You can call the whale.auto_parallel operation to implement distributed model training with ease. This topic describes the syntax and parameters of the operation. This topic also provides the sample code to show you how to call the operation.

Background information

Whale can implement distributed model training by grouping resources and dividing models. To achieve efficient distributed training by using this method, you must have a good understanding of how to balance the cluster and scope settings. To simplify operations, Whale provides the whale.auto_parallel operation to allow you to use a single line of code to implement parallel training.

Operation description

  • Syntax
    auto_parallel(modes)
  • Description
    Implements parallelism based on a single line of code.
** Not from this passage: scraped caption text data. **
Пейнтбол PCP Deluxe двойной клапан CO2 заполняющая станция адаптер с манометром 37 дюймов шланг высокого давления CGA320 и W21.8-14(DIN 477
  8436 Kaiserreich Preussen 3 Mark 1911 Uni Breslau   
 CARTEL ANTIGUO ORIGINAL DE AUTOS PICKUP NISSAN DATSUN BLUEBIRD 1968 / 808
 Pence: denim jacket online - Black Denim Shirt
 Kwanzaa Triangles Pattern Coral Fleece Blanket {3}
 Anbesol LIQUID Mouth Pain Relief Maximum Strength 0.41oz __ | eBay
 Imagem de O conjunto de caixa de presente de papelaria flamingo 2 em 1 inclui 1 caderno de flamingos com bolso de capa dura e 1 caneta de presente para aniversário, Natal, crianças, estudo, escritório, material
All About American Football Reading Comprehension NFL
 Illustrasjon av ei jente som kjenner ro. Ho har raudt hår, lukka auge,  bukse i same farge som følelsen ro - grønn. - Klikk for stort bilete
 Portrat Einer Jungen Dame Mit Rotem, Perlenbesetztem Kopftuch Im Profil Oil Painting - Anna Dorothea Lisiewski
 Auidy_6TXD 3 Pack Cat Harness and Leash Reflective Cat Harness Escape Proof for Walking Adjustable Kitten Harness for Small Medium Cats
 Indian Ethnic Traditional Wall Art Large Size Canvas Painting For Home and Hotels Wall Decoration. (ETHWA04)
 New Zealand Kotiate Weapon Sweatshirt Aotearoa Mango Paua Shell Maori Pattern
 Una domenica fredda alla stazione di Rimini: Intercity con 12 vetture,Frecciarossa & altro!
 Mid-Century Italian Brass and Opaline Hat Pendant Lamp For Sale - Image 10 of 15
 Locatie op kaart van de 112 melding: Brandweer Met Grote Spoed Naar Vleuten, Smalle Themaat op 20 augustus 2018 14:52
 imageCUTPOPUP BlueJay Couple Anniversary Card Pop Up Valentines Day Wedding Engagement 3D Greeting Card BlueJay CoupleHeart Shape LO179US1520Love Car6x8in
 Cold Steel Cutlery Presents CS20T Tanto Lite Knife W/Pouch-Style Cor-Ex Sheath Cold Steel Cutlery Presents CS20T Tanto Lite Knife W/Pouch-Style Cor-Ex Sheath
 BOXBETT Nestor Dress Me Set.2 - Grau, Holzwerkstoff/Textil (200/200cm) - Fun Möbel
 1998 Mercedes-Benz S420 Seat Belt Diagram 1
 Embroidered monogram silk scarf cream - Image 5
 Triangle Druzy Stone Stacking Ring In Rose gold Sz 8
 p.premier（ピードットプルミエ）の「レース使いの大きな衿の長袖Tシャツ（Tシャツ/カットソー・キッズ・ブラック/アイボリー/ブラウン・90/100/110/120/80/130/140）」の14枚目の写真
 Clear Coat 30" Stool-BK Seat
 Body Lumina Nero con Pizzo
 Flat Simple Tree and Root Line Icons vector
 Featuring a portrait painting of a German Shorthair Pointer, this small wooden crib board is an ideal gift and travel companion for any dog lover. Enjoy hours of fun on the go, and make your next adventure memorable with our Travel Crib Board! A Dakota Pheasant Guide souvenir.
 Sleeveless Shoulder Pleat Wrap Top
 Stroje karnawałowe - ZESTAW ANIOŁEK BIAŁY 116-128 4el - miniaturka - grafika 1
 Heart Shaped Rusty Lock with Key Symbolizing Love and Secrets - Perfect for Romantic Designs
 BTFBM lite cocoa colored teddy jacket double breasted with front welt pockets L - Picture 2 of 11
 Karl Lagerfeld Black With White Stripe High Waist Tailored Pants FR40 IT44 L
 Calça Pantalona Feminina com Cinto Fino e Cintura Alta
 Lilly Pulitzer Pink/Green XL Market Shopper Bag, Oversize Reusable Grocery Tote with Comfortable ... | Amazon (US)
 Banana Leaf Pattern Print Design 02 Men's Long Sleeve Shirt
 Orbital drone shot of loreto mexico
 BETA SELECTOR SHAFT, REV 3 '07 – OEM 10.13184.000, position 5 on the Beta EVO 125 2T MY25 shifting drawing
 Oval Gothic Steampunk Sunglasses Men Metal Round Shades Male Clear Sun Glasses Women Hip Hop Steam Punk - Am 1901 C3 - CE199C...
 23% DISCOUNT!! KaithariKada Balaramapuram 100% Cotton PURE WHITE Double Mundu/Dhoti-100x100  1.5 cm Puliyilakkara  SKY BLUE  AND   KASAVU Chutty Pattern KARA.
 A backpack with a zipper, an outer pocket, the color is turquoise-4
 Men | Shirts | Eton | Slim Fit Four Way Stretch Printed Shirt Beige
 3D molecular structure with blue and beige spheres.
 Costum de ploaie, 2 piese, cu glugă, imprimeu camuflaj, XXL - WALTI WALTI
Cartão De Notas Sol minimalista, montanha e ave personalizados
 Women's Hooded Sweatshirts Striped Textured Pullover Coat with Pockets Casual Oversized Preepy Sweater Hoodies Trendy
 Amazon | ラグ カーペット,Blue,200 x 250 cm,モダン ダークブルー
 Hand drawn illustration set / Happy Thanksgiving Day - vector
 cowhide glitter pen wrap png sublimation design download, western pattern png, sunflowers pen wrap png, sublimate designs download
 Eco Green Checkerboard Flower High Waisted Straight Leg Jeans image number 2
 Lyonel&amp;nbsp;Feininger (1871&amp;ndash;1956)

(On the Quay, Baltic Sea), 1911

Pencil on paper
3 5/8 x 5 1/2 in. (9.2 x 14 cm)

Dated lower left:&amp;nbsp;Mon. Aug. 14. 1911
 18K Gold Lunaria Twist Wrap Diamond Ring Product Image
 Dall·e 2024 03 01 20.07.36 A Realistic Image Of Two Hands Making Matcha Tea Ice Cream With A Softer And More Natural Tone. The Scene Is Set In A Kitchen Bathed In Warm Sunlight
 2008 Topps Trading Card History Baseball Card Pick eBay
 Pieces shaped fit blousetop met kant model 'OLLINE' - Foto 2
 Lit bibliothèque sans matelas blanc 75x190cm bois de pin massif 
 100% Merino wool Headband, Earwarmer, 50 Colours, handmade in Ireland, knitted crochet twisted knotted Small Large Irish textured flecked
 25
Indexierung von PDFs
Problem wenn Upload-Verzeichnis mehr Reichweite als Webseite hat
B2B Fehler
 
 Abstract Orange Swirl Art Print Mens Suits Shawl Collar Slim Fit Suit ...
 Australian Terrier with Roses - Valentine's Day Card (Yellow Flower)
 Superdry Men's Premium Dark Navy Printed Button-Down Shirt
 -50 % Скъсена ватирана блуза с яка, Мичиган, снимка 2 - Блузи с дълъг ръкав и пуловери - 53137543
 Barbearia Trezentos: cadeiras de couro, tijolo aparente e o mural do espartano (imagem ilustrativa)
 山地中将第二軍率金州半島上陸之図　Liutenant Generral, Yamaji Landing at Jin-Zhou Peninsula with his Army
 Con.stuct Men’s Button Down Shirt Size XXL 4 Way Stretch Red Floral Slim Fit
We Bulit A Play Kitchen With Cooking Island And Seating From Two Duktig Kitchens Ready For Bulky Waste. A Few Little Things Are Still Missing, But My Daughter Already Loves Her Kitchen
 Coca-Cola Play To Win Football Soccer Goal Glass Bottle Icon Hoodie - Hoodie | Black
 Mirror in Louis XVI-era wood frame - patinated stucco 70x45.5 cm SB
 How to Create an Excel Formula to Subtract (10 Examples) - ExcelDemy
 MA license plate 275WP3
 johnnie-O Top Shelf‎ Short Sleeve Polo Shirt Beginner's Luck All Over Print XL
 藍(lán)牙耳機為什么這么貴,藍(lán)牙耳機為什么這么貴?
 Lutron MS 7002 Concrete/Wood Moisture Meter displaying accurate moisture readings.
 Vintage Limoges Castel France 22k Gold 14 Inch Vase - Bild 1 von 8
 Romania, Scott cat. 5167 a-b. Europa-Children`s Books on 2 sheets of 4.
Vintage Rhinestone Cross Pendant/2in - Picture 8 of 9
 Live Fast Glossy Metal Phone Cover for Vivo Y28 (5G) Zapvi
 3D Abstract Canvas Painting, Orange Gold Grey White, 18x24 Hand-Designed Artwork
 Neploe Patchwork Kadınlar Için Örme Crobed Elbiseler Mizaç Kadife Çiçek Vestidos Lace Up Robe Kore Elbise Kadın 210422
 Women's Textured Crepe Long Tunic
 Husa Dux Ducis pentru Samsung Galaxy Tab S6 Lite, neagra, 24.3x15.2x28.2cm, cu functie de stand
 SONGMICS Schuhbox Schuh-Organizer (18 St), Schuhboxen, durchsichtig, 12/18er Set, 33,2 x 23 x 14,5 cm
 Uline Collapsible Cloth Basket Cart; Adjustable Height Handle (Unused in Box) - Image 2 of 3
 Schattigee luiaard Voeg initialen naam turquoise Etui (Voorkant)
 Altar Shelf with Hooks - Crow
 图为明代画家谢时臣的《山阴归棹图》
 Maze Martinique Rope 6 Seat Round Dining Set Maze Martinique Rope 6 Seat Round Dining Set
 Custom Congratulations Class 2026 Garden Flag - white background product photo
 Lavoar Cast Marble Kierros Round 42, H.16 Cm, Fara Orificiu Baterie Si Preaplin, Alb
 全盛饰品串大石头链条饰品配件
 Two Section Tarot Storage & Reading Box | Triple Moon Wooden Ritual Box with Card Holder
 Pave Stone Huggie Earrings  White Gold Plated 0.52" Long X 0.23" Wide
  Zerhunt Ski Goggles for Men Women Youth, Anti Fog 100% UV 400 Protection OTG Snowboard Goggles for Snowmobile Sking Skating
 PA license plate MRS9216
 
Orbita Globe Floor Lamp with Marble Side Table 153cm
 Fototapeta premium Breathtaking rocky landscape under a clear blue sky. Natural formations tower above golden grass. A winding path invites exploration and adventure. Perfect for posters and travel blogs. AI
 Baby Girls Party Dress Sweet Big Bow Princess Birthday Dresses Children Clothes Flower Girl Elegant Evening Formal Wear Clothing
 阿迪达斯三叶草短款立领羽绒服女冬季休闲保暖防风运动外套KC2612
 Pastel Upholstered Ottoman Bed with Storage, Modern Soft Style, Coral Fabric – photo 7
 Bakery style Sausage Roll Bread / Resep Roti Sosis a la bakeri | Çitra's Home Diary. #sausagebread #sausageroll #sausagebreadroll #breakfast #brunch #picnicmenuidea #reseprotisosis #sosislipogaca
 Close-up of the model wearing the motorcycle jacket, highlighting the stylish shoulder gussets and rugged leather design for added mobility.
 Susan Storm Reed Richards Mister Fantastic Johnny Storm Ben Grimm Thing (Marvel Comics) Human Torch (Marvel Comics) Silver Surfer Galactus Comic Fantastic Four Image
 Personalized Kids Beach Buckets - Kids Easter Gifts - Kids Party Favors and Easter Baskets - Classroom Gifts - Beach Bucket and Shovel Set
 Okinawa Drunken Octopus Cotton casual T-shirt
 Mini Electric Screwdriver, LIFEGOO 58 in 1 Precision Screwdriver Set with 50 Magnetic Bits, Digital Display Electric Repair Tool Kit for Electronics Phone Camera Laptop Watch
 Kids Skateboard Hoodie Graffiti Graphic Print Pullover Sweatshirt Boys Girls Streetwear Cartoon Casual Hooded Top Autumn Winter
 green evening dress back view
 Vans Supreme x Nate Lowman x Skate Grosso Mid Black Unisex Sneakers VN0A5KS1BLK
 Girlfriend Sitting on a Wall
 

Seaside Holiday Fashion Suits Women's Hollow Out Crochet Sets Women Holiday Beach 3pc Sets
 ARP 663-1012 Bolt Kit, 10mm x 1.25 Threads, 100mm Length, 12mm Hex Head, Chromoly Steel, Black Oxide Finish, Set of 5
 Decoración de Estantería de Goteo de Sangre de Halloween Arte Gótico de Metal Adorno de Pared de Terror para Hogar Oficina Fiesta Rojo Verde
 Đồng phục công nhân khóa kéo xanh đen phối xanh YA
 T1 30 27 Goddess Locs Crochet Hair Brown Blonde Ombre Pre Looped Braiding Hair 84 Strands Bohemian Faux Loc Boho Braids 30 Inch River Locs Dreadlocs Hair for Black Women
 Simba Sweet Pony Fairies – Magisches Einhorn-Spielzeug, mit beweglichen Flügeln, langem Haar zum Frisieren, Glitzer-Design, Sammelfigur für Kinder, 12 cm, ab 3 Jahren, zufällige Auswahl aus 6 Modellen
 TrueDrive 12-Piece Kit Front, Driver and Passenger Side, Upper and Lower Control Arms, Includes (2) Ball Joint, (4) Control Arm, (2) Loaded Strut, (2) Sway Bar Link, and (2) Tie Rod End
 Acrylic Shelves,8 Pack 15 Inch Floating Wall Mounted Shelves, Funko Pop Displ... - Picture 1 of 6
Examples:
    • whale.auto_parallel(whale.replica): automatically implements data parallelism for the model.
    • whale.auto_parallel(whale.split): automatically implements operator splitting for the model.
    • whale.auto_parallel(whale.pipeline): automatically implements operator splitting and pipeline parallelism for the model.
    • whale.auto_parallel([whale.pipeline, whale.replica]): automatically implements parallelism by combining model parallelism and data parallelism. When you set the modes parameter, you can use multiple scope-related primitives in combination.
    • whale.auto_parallel(): automatically infers a strategy for dividing models to implement parallelism.
    Note Only whale.auto_parallel(whale.replica) is supported.
  • Parameters

    modes: the parallelism mode, such as data parallelism, model parallelism, pipeline parallelism, and combined parallelism. Only automatic data parallelism is supported, which can be achieved by using the modes=whale.replica setting.

  • Return value

    None.

  • Examples
    Add wh.auto_parallel(wh.replica) following import whale as wh to automatically group resources and implement data parallelism. Only the core code is given here. For more information about the complete code, visit auto_data_parallel.py.
    import whale as wh
    
    wh.auto_parallel(wh.replica)
    
    # Construct your model here.
    model_definition()